“Perdona
hasta setenta veces siete” (Mt 18,
21-35). Pedro le pregunta a Jesús si debe perdonar a su hermano “hasta siete
veces” las ofensas que le haga. La razón del número siete es que, para los
hebreos, el siete significa plenitud y perfección; de esta manera, perdonando “siete
veces”, Pedro suponía que alcanzaba la cima de la perfección espiritual en la nueva
religión de su maestro, y una vez llegada a esta, se veía liberado del nuevo
precepto, con lo que podía aplicar el precepto de la Ley Antigua: “ojo por ojo
y diente por diente”. Es decir, Pedro podía pensar que podía perdonar literalmente
siete veces, y en la ofensa número ocho, aplicar la ley del Talión. Sin embargo,
la respuesta de Jesús le abre un horizonte absolutamente nuevo e impensado, que
deja atrás, definitivamente, a la Ley del Talión. Jesús le dice: “No te digo
que perdones siete veces, sino hasta setenta veces siete”. Si el número siete
significaba plenitud y perfección, es evidente que, con esta respuesta, Jesús
le está señalando que la Ley del Nuevo Testamento, la Ley Nueva de la caridad, es
la máxima plenitud y perfección, que supera infinitamente a la Ley del Antiguo
Testamento, la Ley del Talión. Ahora, a partir de Jesús, quien quiera ser
perfecto, no sólo deberá perdonar “siete veces”, sino “setenta veces siete”, lo
que en la práctica significa: “siempre”. Pero hay algo más agregado: si alguien
ofende a otro al punto de obligarlo a perdonarlo setenta veces siete, es porque
ese tal es su enemigo; ahora bien, en la Ley Nueva de Jesús, al enemigo, hay
que amarlo: “amen a sus enemigos”, es el mandato de Jesús, lo que significa que
el perdón con el que se perdonan las ofensas, está basado en el amor, pero no
en un amor afectivo, sentimentalista, pasajero, sino en el Amor de Jesús, que
es el fundamento del amor cristiano a Dios y al prójimo.

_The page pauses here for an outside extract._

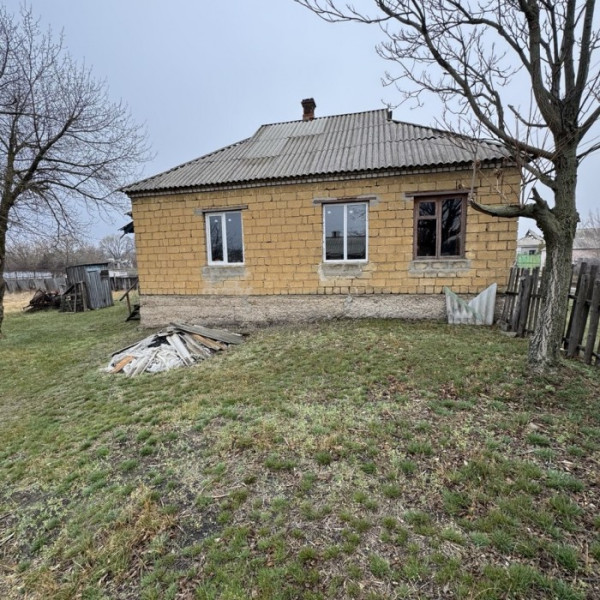 Фото Продам дом в с. Валуйское (центр), Станично-Луганский р-н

Por lo tanto, el
mandato de perdonar “siempre”, es decir “setenta veces siete”, es un mandato de
amor, de caridad sobrenatural, que tiene su raíz y su origen en el Corazón
traspasado de Jesús, que desde la cruz, nos ama y nos perdona a nosotros, sus
enemigos, que lo ofendamos una y mil veces, con nuestros pecados, hasta el
punto de quitarle la vida, y a pesar de que le quitamos la vida, Jesús nos ama
y nos perdona, y el signo de su amor y de su perdón, es su Sangre derramada a
través de sus heridas y su Cuerpo entregado en la cruz.
“Perdona
hasta setenta veces siete”. Cuando nos asalte la terrible tentación de no
perdonar y por lo tanto, de no amar a nuestros enemigos, recordemos que en la
Santa Misa se renueva y se actualiza, de modo incruento y sacramental, el signo
del perdón divino, pues Jesús realiza en el altar eucarístico el mismo
sacrificio del Calvario: derrama su Sangre en el cáliz y entrega su Cuerpo en
la Eucaristía. Por este motivo, no podemos comulgar, es decir, no podemos
unirnos a Jesús Eucaristía, si no perdonamos a nuestros enemigos con el mismo
perdón con el que Jesús nos perdona desde la cruz.